6. Het beroep is gegrond en de rechtbank vernietigt het bestreden besluit. De rechtbank ziet geen aanleiding de rechtsgevolgen van het bestreden besluit in stand te laten of zelf in de zaak te voorzien. Ook ziet de rechtbank geen aanleiding om een bestuurlijke lus toe te passen. Verweerder zal daarom een nieuw besluit moeten nemen met inachtneming van deze uitspraak. De rechtbank stelt hiervoor een termijn van drie maanden.
7. De rechtbank veroordeelt verweerder in de door eiser gemaakte proceskosten. Deze
kosten stelt de rechtbank op grond van het Besluit proceskosten bestuursrecht voor de door
een derde beroepsmatig verleende rechtsbijstand vast op € 1.518,- (1 punt voor het indienen
van het beroepschrift en 1 punt voor het verschijnen ter zitting, met een waarde van € 759,-
en een wegingsfactor 1).
verzoek om een voorlopige voorziening
8. Nu de rechtbank beslist over het beroep, dit gegrond verklaart en het bestreden besluit vernietigt, is het treffen van een voorlopige voorziening niet meer nodig. De voorzieningenrechter wijst het verzoek daartoe daarom af.

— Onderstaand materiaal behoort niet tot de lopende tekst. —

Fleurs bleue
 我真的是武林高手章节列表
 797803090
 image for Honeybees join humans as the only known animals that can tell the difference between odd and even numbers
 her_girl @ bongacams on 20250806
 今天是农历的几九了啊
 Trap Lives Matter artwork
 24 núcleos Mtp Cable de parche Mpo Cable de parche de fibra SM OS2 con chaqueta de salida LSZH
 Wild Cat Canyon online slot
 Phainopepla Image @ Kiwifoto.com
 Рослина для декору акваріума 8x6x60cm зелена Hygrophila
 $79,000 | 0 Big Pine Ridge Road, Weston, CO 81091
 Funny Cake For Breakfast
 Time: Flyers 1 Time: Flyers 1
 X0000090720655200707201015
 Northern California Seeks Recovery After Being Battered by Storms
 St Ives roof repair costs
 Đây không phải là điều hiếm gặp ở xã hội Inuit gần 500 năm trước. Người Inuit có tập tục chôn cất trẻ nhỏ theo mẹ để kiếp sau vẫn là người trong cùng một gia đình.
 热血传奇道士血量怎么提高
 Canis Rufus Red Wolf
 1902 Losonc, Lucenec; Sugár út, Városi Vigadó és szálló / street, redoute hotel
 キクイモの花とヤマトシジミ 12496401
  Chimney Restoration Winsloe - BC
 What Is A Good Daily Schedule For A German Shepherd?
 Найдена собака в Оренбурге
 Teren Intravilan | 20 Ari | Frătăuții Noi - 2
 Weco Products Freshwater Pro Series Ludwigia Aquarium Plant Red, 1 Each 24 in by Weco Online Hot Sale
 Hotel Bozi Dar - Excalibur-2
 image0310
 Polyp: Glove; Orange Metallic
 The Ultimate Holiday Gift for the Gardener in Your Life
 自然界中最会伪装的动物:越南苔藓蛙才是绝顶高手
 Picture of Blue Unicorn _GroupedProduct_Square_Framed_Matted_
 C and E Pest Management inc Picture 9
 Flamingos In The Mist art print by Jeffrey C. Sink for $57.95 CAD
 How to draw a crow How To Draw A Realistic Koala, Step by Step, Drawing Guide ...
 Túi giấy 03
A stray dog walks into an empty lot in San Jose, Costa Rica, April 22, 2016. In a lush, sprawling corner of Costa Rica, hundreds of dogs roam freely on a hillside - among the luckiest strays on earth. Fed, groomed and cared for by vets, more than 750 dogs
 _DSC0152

9. Wel is er aanleiding verweerder te veroordeling in de door eiseres gemaakte proceskosten. Deze kosten stelt de voorzieningenrechter op grond van het Besluit proceskosten bestuursrecht, voor de door een derde beroepsmatig verleende rechtsbijstand, vast op € 759,- (1 punt voor het indienen van het verzoekschrift met een waarde per punt van € 759,- en wegingsfactor 1).